Friends and family would simply show up. That hasn’t changed to this day.

“I don’t know how many of us will show up,” she said. “My brother has a motor home. We kind of invade the house. The kids get the floor.”

The family will ride in a convertible provided by parade organizers and in the Teel’s restored Model A. The kids will walk behind the cars and there will be a Teel family banner.

It will be a way to celebrate the family’s connection to the neighborhood.

“Someone has been there one way or another since 1957,” she said. Her parents went to the parade until the year before their death in 1997.

Vander Pol said she enjoys what happens to Maxwelton Beach during the Fourth of July holiday. People help each other, neighbors lend each other materials or a hand to fix a float that was damaged and even local church congregations swell up from a few believers to a full house.

“It’s a special parade because of its informality,” Vander Pol said.

“As I see the parade forming, I imagine people scrambling in their cabins trying to come up with creative ways to participate,” she said.

She also looks forward to seeing all the people again that have been her friends for countless summers.

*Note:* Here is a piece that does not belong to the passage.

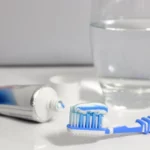 Tap water and toothpaste with fluoride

The people who, like her, came as children to Maxwelton Beach in the summer time and are now back with their children and grandchildren.

“It’s what you hope America would be,” Vander Pol said.

Celebrations and parades in cities and suburbs have gotten too big and lost their meaning, she added.

And it’s not too late to be part of the biggest party on South Whidbey on July 4.

Registration is open for entries in the Maxwelton Fourth of July Parade and people can still register today before the parade begins.

The parade starts at 1 p.m. at Maxwelton and Swede Hill roads and marches a short distance to Dave Mackie Park. Games and prizes will be held after the parade at the Maxwelton softball field.